Refine lattice parameters on polycrystalline sample

This example shows how heterogeneous samples can be segmented automatically and how the segments can be processed independently.

It distinguishes sample regions with different diffraction patterns by clustering frames based on a feature vector that is generated from the presence or absence of specific peaks. These regions are then analyzed separately using the “region of interest” (ROI) feature of LiberTEM. In the end, the regions are merged again for plotting.

Credit goes to Karina Ruzaeva for developing the blobfinder core functionality and introducing the concept of feature vectors and clustering based on them to our work.
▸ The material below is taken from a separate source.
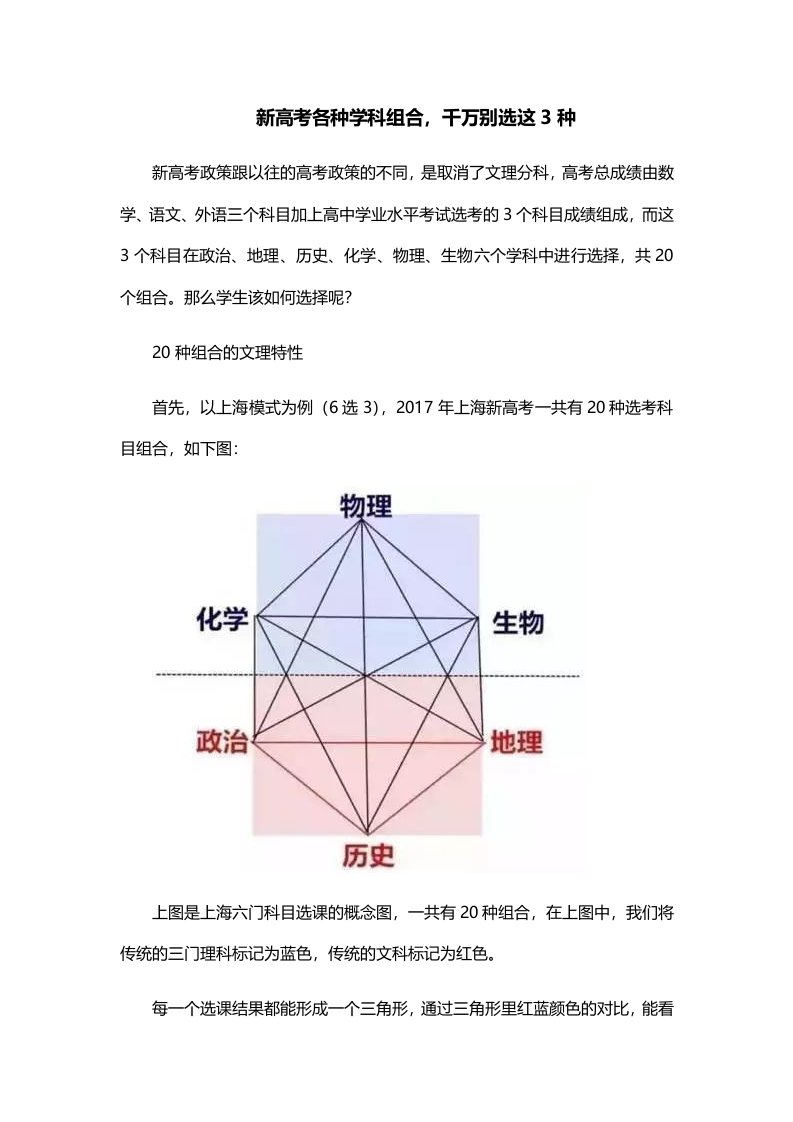 新高考各种学科组合-千万别选这3种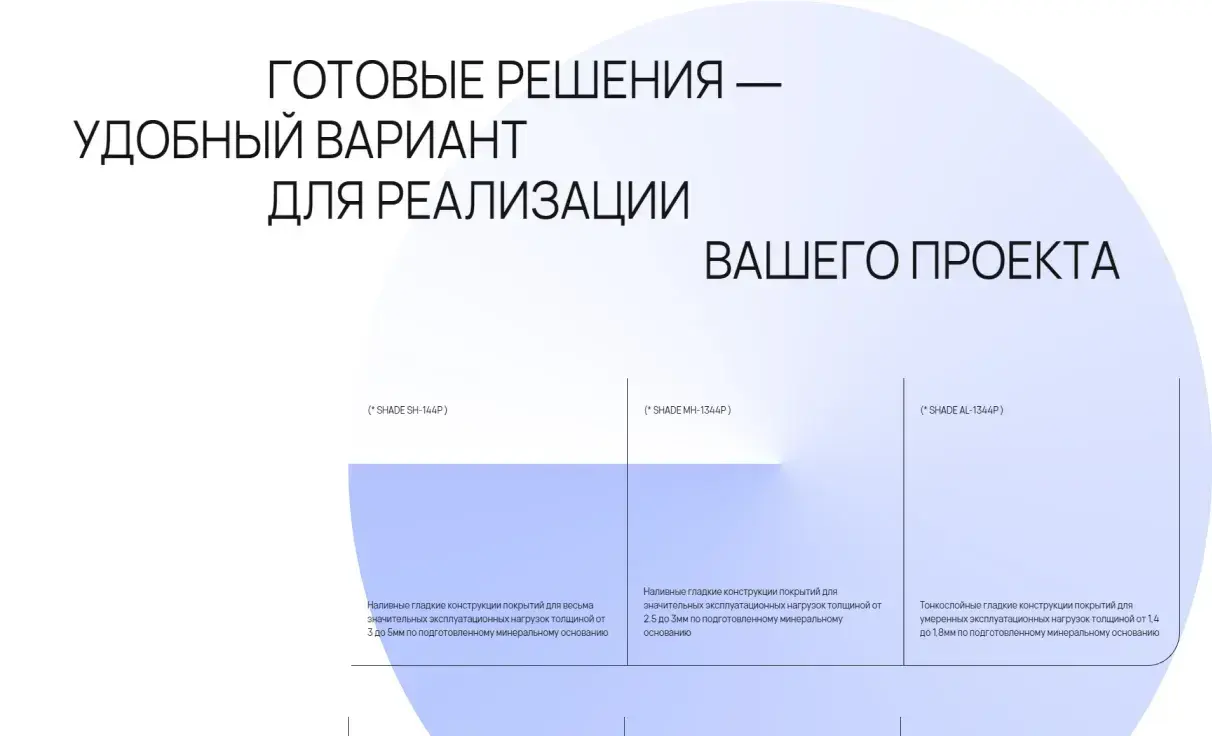 Посмотреть сайт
Sample data courtesy of Ian MacLaren Ian.MacLaren@glasgow.ac.uk and Shane McCartan s.mccartan.1@research.gla.ac.uk, University of Glasgow

Sample preparation: David Hall and Ilkan Calisir

The dataset is from a solid solution ceramic of bismuth ferrite and barium titanate (ratio: 75%/25%) doped 3% Ti. Chemical segregation of the bismuth ferrite and barium titanate occurs in the formation of the core-shell type structure that you can see in the grain (barium titanate-shell, bismuth ferrite-core). The grain is orientated along the [110] direction as the extra spots that BFO produces at the 1/2 (111) positions are obvious in this orientation. Otherwise the diffraction patterns of BFO and BTO are too similar to distinguish easily.

[1]:

%matplotlib nbagg

[2]:

import os
import functools

import numpy as np
import matplotlib.pyplot as plt
from matplotlib import cm
import sklearn.feature_extraction
import sklearn.cluster

[3]:

import libertem.api as lt
from libertem.udf import logsum, stddev, masks
# fullmatch requires hdbscan, which is an optional dependency
import libertem_blobfinder.common.fullmatch as fm
from libertem_blobfinder.base.utils import make_polar

from libertem_blobfinder.common import correlation, patterns
from libertem_blobfinder.udf import refinement, utils

# This is useful for debugging to run everything in
# the same process so that one can use a debugger
#from libertem.executor.inline import InlineJobExecutor

[4]:

# ctx = lt.Context(executor=InlineJobExecutor())
ctx = lt.Context()

/Users/weber/.conda/envs/lt311/lib/python3.11/site-packages/distributed/node.py:182: UserWarning: Port 8787 is already in use.
Perhaps you already have a cluster running?
Hosting the HTTP server on port 34575 instead
  warnings.warn(

[5]:

data_base_path = os.environ.get("TESTDATA_BASE_PATH", "/home/alex/Data/")

[6]:

path = os.path.join(data_base_path, "default.blo")
ds = ctx.load(
    'blo',
    path=path
)

[7]:

(y, x) = ds.shape.nav
(fy, fx) = ds.shape.sig

[8]:

r = 1.5
search = 5

Find the zero order peak

The zero order peak is usuall the most intense one in a sum image of all log-scaled frames since it appears in most frames with significant intensity.

[9]:

ls = logsum.run_logsum(ctx, dataset=ds)['logsum'].data
zero_pattern = patterns.BackgroundSubtraction(radius=r)
zero = correlation.get_peaks(ls, match_pattern=zero_pattern, num_peaks=1)[0]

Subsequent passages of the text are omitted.